京都市北部、左京区・北区北山通の南側に広がる広大な文教地域は、府立植物園や府立大学、コンサートホールなどが立地し、文化芸術の発信拠点、府民の憩いの場として親しまれてきた府民の貴重な財産です。
京都府はいま、この一帯を「北山エリア」として位置付け、1〜2万人規模のアリーナ(体育館)や劇場と一体に、ホテル・飲食店等の「賑わい・交流施設」を整備するなど新たな大規模開発に乗り出そうとしています。
また、「民間活力導入についてポテンシャルがある地域」だとして、基本計画策定そのものを、東京のコンサルタント会社に委託してまとめ、しかも計画は府民にほとんど知られていません。このまま進めていいのでしょうか。
キャンパス全体の老朽化が深刻となっている府立大学。体育館も今、授業で使えません。これに対し1〜2万人収容できるアリーナを整備し、国際大会やコンサート等の大規模イベントにも活用しようという計画です。これでは学生の利用が制限されイベント優先になるのでは? 1万人規模のイベントが頻繁に開かれると学生も周辺住民も大変です。
京都府がやるべきは、学生や教職員の要望に応えて、危険な老朽学舎の改築等を急ぐことではないでしょうか。
「北山エリア」全体の3分の2を占める府立植物園は、1万2千種・12万本の植物を保有する日本有数の公立総合植物園で、世界各地から収集した種子を発芽させ、育て、花を咲かせるなど、「生きた植物の博物館」として、国際的にも高い評価を得ています。職員の皆さんが長年の努力で培ってきた栽培技術の賜物であり、これを保障するのが府直営のしくみです。

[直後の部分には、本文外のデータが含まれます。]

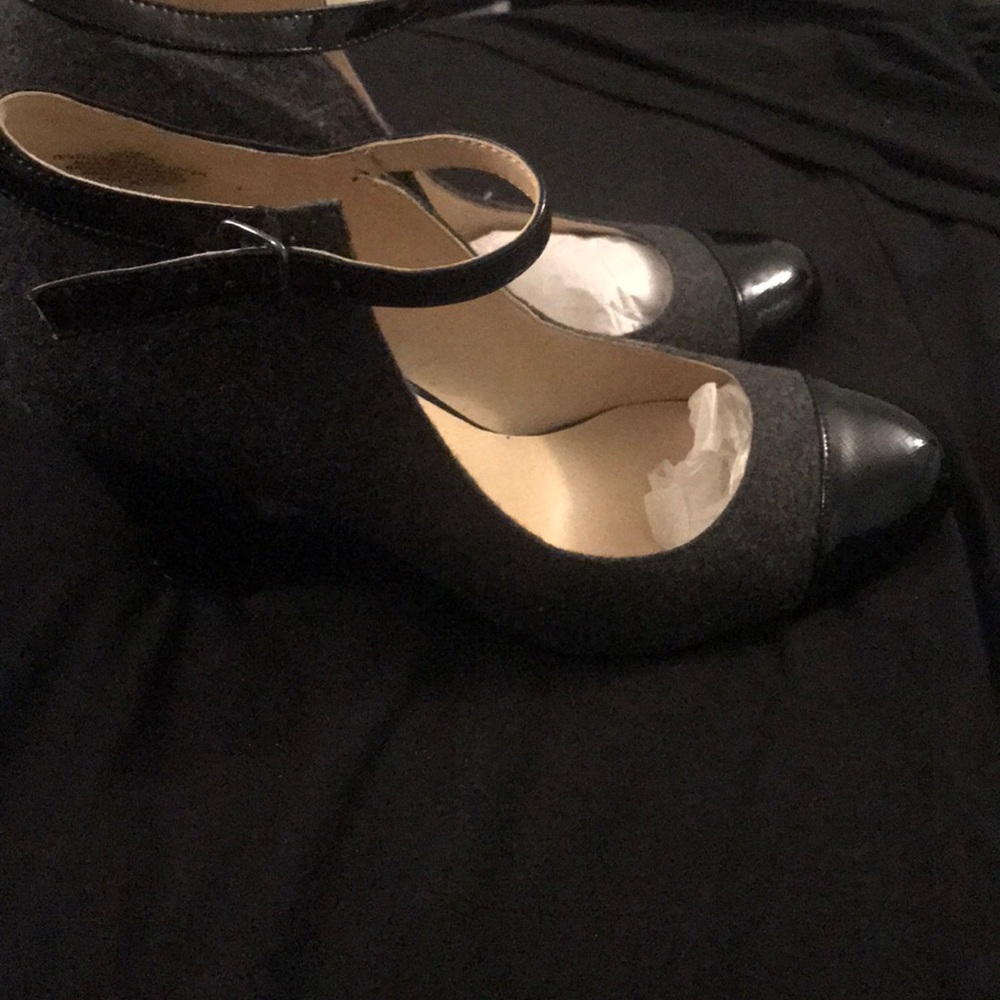 Shoes - Picture 2 of 4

北山通沿いの木を切り商業施設をつくる、大芝生地に屋外ステージ・バックヤードの縮小など、「にぎわい」を口実としたイベント優先では困ります。管理運営も集客優先ではなく、府直営を維持すべきです。
アリーナだけで150億円との試算もあり、旧総合資料館跡地に整備する舞台芸術・視覚芸術拠点施設(シアターコンプレックス)や賑わい交流施設(コンベンション・ホテル・飲食)などもあわせれば、全部で数百億円という規模の大事業です。

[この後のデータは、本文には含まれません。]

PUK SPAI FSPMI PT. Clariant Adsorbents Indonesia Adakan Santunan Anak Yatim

府は、「官民連携の手法を取り入れ、そのことで府民負担を抑えたい」としていますが、本当でしょうか。民間企業は利益を期待して参入するわけですから、儲かるかどうかが事業の基準となり、そのために事業規模が膨れ上がったり、儲からない部分が切り捨てられたりしかねません。うまくいかなければ赤字補てんが迫られ、かえって府民負担が増える危険もあります。